Un altro posticino nella nostra memoria sarà riservato a Gabor Kiraly, quarantenne portiere “con la tuta”, o con il pigiama per i più sarcastici.
Quando la comodità viene preferita alla moda e alle ultime tendenze.
Protagonista, però, lo è stato anche in campo: con le sue parate ha tenuto a galla la sua Ungheria contro il titolatissimo Belgio, dovendo cedere solo nel finale alla maggiore qualità tecnica degli avversari.
Per non parlare della nostra nazionale italiana.
Probabilmente quella meno talentuosa degli ultimi anni, ma con una grinta e con una determinazione che hanno permesso anche ai sostenitori più scettici di avvicinarsi con passione a questa squadra.
Un’impresa dopo l’altra: prima il Belgio, poi la Spagna. A momenti anche la Germania, ma la lotteria dei rigori non conosce regole e non perdona nessuno.
Probabilmente tra i vari inni risuona ancora nelle nostre orecchie quello della Francia.
Vuoi perché giocavano in casa e il tifo era tutto per loro, vuoi perché forse sentirsi uniti cantando la medesima sinfonia era un modo per evadere dalla paura e dal terrore generato dagli atti terroristici degli ultimi tempi.

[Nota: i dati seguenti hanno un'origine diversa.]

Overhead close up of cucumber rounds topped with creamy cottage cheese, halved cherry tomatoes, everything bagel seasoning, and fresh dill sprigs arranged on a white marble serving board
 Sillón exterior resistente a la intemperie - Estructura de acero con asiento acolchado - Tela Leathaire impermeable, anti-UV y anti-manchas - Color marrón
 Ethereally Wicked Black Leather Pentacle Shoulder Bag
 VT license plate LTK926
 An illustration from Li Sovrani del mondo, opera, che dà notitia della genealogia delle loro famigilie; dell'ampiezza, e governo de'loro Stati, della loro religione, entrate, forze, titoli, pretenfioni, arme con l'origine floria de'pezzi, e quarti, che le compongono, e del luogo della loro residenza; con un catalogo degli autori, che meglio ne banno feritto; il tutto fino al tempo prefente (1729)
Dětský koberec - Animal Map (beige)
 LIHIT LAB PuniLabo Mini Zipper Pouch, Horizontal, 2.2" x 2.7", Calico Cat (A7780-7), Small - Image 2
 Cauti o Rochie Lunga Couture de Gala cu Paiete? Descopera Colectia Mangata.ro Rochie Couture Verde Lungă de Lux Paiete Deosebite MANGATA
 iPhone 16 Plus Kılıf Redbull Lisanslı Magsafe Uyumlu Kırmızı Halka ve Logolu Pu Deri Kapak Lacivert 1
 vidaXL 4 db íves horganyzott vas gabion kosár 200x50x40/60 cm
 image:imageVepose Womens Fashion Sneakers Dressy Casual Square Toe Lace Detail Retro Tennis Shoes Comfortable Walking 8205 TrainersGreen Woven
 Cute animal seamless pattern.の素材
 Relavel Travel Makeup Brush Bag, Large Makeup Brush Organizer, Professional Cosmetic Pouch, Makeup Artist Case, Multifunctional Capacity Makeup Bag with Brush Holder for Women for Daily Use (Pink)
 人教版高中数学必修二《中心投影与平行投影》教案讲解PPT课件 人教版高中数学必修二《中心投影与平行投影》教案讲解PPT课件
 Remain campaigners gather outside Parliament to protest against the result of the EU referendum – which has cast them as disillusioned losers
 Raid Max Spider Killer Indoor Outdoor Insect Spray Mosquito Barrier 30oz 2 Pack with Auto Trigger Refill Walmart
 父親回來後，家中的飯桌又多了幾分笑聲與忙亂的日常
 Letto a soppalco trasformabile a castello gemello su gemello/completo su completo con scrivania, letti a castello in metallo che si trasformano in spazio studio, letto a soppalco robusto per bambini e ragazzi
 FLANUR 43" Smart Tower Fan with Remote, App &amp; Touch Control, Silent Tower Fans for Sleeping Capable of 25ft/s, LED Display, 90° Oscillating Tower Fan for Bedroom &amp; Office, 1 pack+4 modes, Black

E poi la finale, Francia contro Portogallo, che è stata la ciliegina sulla torta di una manifestazione elettrizzante.
Pronostico apparentemente già scritto, in favore dei “galletti”: padroni di casa, ricchi di talento, organizzazione e grande qualità.
Dall’altra parte un Portogallo forse mai convincente, arrivato in finale usufruendo di un calendario abbastanza agevole (Belgio a parte).
Ok, i Lusitani hanno Cristiano Ronaldo, uno tra i migliori giocatori del pianeta.
Ma uno solo non basta, tanto più se leggermente sottotono come è apparso durante la manifestazione.
Griezmann contro Ronaldo, Francia contro Portogallo, nessuno di noi ha fatto in tempo ad accomodarsi sul divano che è successo il misfatto.
Intervento duro di Payet su Ronaldo, il portoghese si accascia a terra dolorante.
Stoicamente prova a resistere, con fasciature, ghiaccio e quant’altro. Ma poi si deve arrendere, scoppia in lacrime.
Lui che ha vinto praticamente tutto in carriera, dominato qualsiasi competizione, piange. Vede infrangersi il sogno di giocare la finale, di vendicare la sconfitta subita contro la Grecia - sempre in finale - ad Euro 2004.
L’unica speranza portoghese per fronteggiare una squadra più forte ora è a terra.
Negli occhi di tutti i compagni di squadra scatta però la scintilla, quel senso di responsabilità nei confronti del loro leader, del loro Paese.
La squadra non si scompone, regge agli urti francesi fino ai supplementari.
Ronaldo, costretto a bordo campo, non smette di incitare la squadra, quasi fosse l’ultimo dei gregari.
E nel finale Eder, un Carneade gettato nella mischia dal coach del Portogallo, decide la sfida con un tiro imprendibile.
Grande tristezza per la Francia, estrema gioia per il Portogallo, al primo successo in una manifestazione internazionale.
E trionfo anche per Ronaldo, nuovamente in lacrime ma stavolta per la gioia, per un cerchio che si è chiuso da quella maledetta finale di Lisbona di 12 anni prima, fino all’infortunio patito a inizio match che sembrava indirizzare negativamente l’incontro.
Un intero Paese esulta, e magari un po’ anche noi, nel vedere come una squadra “normale” sia stata in grado, grazie all’abnegazione e all’impegno, di fronteggiare avversari così temibili, priva del proprio punto di riferimento.
L’immagine conclusiva è davvero significativa: la Tour Eiffel si illumina con i colori portoghesi, per rendere onore ai vincitori.
Forse anche lei, dalla sua imponenza, avrebbe preferito indossare l’abito tricolore francese e dar modo ai tifosi parigini di esultare.
Ma ha vinto il Portogallo.
Anzi, in questi piccoli gesti, in tutte le gioie, le sofferenze, le curiosità di questo Campionato europeo, ha vinto ancora una volta lo sport.